In this case the Court explained that the principle underlying gratuity is distinct from the principle underlying retrenchment compensation. Although a workman who is retrenched may also be entitled to claim gratuity, industrial adjudication has consistently held that the payment of retrenchment compensation does not diminish or defeat the workman’s separate right to gratuity. The Court observed that the purpose of granting retrenchment compensation is to preserve the workman’s gratuity so that it remains intact and available to him after he retires. Consequently, the objective of retrenchment compensation is to provide temporary relief during the period of unemployment, whereas the purpose of gratuity is to secure a retirement benefit. Because the two schemes serve different functions, the Court stated that they are not contradictory or mutually exclusive; rather, they complement each other and, on the basis of social justice, both claims may be regarded as legitimate. The appearance of a double benefit, the Court noted, does not invalidate either scheme, a view that has been endorsed by industrial tribunals in many reported decisions.
The Court then turned to the development of industrial law on gratuity. It explained that whenever an industrial tribunal considers an employee’s claim for gratuity, it first examines the employer’s financial condition. Only if the tribunal is satisfied that the employer can bear the financial burden does it approve a gratuity scheme that secures a retirement benefit for the employees. Although awards framing such schemes had been made for several years before 1951, the Labour Appellate Tribunal gave a detailed analysis of the issue in the case of The Army and Navy Stores Ltd., Bombay, and Their Workmen. In that case the Tribunal framed a model gratuity scheme that provided a month’s salary or wages for each year of continuous service in three situations: (i) death of an employee while in service or when the employee becomes physically or mentally incapable of further work, the amount being payable to the disabled employee or, if deceased, to his heirs or legal representatives; (ii) voluntary retirement or resignation after fifteen years of continuous service, for which half a month’s salary or wages for each year of service was payable; and (iii) termination of service by the company, for which a full month’s salary or wages for each completed year of service was payable. The Tribunal expressly excluded any employee dismissed for misconduct from receiving gratuity under this scheme. This model scheme has been repeatedly cited in subsequent disputes concerning gratuity, and the Court noted that gratuity benefits have generally been extended even to workmen whose services were terminated, thereby linking the gratuity entitlement to the broader context of employment termination.
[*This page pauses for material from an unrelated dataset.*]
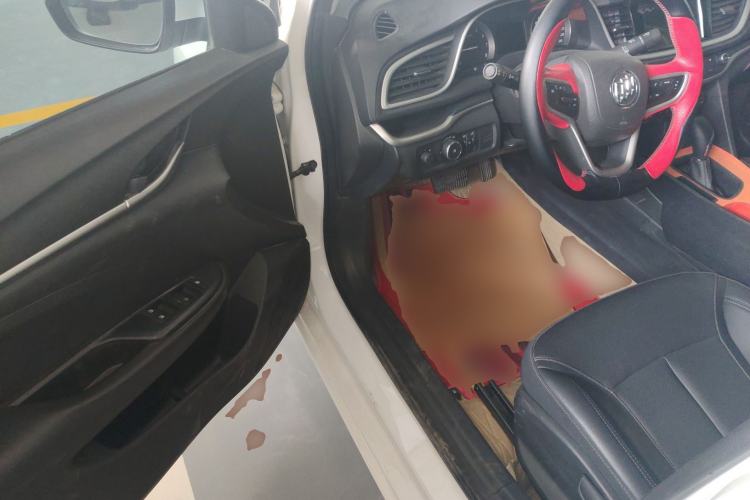 Used Buick GT 2021 Revised Version 1.3T Automatic Mild Hybrid Elite Edition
In this case, the Court observed that workmen who became entitled to gratuity under the scheme were also held to be entitled to retrenchment compensation. The Court referred to the decision in Bangalore Woollen, Cotton and Silk Mills Co. Ltd. and Binny Mills Labour Association, where the Labour Appellate Tribunal authorised the employer to retrench 179 workmen on the condition that each retrenched workman would receive, as retrenchment relief, an amount equal to one month’s basic wage for every year of continuous service completed with the company. The Tribunal further stipulated that the basic wage used for this calculation must be the last basic wage drawn by the workman before the Tribunal granted its permission. The Tribunal expressly clarified that granting such retrenchment relief must not, in any manner, prejudice the determination of any gratuity scheme that was then before the adjudicator, and that the adjudicator was required to apply an independent mind unaffected by the Tribunal’s decision. The Court noted, however, that although it is rare, tribunals have occasionally refused to award gratuity to workmen whose services were terminated on the ground that they would receive compensation under the Industrial Disputes Act. Such dissenting decisions have been recorded in only a few cases, for example in Chemical, Industrial and Pharmaceutical Laboratory Ltd. and Their Workmen.
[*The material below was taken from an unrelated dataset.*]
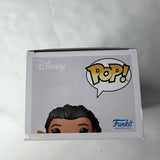 Funko Pop! Disney Moana #1750 Moana & Protector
The Court further explained that, generally speaking, and subject to the employer’s capacity to pay, workmen have historically received both retrenchment compensation and gratuity under industrial awards that pre-date the introduction of section 25F of the Act. The Court cited the extensive consideration given by the Labour Appellate Tribunal in appeals against the award of the All India Industrial Tribunal (Bank Disputes), where it was held that the award of retrenchment compensation does not adversely affect a workman’s claim for gratuity. The Court emphasized that the two entitlements arise for entirely different reasons and that, in a proper case, both claims may be awarded simultaneously. Although the quantum of compensation varied from case to case and awards were not uniform, the Court observed that the amount of retrenchment compensation was usually linked to the length of past service rendered by the retrenched workman.
In Rashtriya Mill Mazdoor Sangh and Gold Mohur Mills, the Labour Appellate Tribunal adopted the view that the compensation payable to retrenched workmen should be calculated at the rate of ten days’ basic wages plus dearness allowance for each year of service, and it held that no maximum limit should be placed on this quantum. In Bombay Gas Co. Ltd. and Their Workmen, a detailed scheme was framed for computing retrenchment compensation. According to that scheme, workmen who had completed at least one year but less than three years of service were to receive wages for twenty-six days together with dearness allowance, whereas workmen who had completed three years of service or more were to receive…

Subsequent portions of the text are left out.